I was pointed at this post about making a first edition of the OED freely available online. This is a wonderful idea but here I just wanted to talk about what the value of doing this would be.
In his email Kragen Sitaker guesstimates a social value of $293 billion for the project_[1]. While clearly done with his tongue firmly in his cheek I think such calculations are important enough to be worth debating and in this case think this amount is much too high for several reasons.
First and most important what is the value of gaining access to the OED. The figure of $295 per year for access he provides is for individual subscription. But the majority of people do not access the OED this way but rather through an institutional subscription. Thus this is not the average price of a user’s access but is the highest price point used by a price-discriminating monopolist. For an institution the price tag is probably in the thousands and this license covers all access by members (for example the recent edition of the Dictionary of National Biography costs around 3000 pounds per year at its most expensive). Given that most institutions have thousands or tens of thousands of members this puts the price per year at under half a pound (~$1) or even lower.

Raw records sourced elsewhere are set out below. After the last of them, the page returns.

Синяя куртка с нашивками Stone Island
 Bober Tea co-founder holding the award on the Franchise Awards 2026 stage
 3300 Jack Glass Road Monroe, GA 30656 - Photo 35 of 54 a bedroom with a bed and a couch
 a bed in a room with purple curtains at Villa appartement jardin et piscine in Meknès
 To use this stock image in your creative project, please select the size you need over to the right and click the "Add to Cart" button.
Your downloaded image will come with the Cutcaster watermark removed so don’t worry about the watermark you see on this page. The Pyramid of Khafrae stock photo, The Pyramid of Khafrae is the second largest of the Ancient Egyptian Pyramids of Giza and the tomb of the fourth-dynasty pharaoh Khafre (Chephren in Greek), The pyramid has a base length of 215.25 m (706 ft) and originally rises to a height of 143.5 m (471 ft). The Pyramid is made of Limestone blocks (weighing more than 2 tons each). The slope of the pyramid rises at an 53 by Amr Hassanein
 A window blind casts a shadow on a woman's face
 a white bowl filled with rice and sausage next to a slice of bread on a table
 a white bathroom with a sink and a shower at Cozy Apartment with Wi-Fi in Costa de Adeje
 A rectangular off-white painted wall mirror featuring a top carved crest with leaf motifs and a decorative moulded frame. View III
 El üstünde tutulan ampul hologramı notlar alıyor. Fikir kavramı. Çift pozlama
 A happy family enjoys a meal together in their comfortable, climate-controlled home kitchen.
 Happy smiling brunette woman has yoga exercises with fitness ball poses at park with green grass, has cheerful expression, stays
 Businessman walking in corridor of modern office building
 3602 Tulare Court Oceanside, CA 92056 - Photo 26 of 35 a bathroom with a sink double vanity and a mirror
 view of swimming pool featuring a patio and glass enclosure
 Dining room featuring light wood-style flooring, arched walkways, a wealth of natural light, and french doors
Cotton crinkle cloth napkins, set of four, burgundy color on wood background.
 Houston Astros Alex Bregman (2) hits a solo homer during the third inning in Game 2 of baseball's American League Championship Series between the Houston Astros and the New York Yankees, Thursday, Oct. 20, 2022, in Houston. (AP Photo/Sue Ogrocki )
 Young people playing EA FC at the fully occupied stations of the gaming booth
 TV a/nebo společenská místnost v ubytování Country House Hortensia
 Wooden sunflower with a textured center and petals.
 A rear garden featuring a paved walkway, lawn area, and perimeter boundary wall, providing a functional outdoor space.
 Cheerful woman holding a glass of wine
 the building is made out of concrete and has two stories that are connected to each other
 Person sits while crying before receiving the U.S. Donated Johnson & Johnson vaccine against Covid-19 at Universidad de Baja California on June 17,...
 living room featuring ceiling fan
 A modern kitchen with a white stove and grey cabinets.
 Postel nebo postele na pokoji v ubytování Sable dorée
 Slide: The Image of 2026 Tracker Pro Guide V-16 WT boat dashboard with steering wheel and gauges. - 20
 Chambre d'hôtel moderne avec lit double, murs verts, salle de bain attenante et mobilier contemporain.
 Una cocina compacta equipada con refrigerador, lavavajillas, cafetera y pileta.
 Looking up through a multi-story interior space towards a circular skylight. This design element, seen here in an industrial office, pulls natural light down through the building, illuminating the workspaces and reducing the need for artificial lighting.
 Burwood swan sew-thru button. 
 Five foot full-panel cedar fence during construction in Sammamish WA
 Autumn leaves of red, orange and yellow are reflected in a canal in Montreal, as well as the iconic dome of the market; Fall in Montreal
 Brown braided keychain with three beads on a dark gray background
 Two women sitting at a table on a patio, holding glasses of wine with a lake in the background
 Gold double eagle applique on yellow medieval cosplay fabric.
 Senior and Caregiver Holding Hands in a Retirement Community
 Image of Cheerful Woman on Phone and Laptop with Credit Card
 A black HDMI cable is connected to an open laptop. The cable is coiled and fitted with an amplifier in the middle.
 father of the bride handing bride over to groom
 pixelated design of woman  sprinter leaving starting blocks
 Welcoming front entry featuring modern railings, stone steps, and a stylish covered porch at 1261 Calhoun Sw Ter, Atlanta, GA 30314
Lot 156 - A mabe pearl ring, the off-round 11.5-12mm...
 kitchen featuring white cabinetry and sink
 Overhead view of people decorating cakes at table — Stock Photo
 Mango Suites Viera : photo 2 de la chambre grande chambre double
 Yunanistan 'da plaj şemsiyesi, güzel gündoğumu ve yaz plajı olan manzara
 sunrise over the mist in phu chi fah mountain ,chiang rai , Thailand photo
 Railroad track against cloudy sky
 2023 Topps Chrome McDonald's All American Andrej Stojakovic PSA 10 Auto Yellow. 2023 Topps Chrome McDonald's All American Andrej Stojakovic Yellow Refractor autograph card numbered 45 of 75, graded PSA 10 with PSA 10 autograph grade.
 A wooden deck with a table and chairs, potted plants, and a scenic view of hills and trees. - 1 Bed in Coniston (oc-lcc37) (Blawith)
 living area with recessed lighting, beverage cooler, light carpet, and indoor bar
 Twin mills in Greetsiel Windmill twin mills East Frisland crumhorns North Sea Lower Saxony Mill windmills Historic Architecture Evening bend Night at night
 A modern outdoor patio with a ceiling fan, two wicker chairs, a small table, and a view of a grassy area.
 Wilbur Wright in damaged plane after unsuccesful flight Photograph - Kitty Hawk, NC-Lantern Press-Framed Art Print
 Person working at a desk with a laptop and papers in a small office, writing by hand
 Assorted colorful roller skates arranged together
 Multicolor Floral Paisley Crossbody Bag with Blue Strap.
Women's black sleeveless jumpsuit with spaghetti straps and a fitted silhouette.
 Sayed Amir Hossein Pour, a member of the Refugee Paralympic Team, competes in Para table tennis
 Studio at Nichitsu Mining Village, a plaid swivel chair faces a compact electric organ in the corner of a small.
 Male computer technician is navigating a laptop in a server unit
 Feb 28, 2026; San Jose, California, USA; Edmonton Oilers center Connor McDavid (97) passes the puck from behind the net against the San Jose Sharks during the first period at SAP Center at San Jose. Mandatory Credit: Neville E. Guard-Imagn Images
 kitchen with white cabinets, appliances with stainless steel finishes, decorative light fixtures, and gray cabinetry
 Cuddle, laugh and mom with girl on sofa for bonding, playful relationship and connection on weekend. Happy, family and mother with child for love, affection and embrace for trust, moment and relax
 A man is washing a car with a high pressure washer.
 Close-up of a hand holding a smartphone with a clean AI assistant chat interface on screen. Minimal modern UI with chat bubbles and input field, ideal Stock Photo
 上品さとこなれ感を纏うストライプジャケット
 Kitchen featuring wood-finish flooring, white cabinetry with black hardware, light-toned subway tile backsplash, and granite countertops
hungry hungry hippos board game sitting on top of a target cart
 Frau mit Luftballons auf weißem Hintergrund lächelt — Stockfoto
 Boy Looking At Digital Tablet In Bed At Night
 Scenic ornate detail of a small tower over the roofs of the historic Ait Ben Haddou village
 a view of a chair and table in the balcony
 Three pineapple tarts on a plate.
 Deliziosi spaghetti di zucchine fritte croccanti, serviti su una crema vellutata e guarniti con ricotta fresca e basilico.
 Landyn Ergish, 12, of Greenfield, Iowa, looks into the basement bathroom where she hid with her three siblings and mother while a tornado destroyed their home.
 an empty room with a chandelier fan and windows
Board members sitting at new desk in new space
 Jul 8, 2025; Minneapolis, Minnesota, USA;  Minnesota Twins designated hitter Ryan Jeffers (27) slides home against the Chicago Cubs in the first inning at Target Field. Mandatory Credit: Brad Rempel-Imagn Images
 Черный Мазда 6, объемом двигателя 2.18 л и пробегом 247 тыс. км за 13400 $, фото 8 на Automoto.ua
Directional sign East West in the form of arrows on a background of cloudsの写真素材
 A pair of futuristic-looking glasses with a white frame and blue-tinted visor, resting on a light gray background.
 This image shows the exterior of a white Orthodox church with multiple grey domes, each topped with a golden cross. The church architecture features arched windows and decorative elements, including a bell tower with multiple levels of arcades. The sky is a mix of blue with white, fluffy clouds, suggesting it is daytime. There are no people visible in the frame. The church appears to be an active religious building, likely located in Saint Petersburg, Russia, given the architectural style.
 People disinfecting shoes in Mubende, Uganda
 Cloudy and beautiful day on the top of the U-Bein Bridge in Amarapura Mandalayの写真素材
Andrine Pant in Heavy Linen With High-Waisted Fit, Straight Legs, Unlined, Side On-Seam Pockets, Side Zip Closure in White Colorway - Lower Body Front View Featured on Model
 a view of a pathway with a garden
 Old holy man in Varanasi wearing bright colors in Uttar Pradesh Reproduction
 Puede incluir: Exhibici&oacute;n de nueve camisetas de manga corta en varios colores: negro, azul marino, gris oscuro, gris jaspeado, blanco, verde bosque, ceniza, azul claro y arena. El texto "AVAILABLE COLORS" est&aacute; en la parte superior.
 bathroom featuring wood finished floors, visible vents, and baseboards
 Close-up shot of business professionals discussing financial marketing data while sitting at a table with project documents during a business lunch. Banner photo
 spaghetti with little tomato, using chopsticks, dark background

Secondly, if we wish to calculate the social value of access for the the whole world we cannot simply extrapolate the valuation of current users to every man, woman and child on the planet. Under basic demand theory, all things being equal, the current buyers are those with the highest willingness to pay for the good. The willingness to pay of the remaining consumers will be lower, and likely a lot, lot lower, than that of these original users. Picking a number out of thin air we might estimate that the total social value of all of the remaining potential users of the OED is approximately Y times the current level of sales where Y is less than 10.
Repeating the above calculations with these new figures yield:
30 million x $1 x (1/12) x Y x (1/0.1) =~ 3Y million
Setting Y to 1 yields around $30 million which is still a very large amount but a lot less than the $293 billion floating around in the original calculation.
[1] The original calculation
Here are some thoughts on monetary estimates of the value of this project. Online access to the current edition costs US$295 per year and is currently available to about 30 million people, for a total value of $8.8 billion per year. [snip] If we discount the $295 per year by a yearly factor of 1.1, which is extremely generous, we get a total of $3059 for the next 30 years. Adding it up to infinity, we get $3245. If we use a more reasonable (i.e. closer to unity) discount rate, we get a larger value. Suppose we estimate the value of having access to the public-domain part of the OED by reference to the version that Oxford has for sale, discounted by: - a factor of 6 to account for the fact that the people who have bothered to buy access at $295 per year are those who are unusually devoted to words; - a factor of 3 to account for its incompleteness; - a factor of 2 to account of it being out-of-date; - a factor of 2 to account for getting page images instead of ASCII text. This brings the total value of the public-domain portion down to $45 per person, or $4.09 per year per person. Approximately 99.55% of the world's population, or about 6.5 billion people, currently doesn't have access to the OED. This values the public-domain version at $26.6 billion per year, or $293 billion overall. (If you pick a lower discount rate, the $293 billion number becomes much larger.) That means that every page I scan, out of the fifteen thousand or so, produces about $19.5 million of value for the world; that's about $9.8 billion an hour. My hourly wages have usually been less.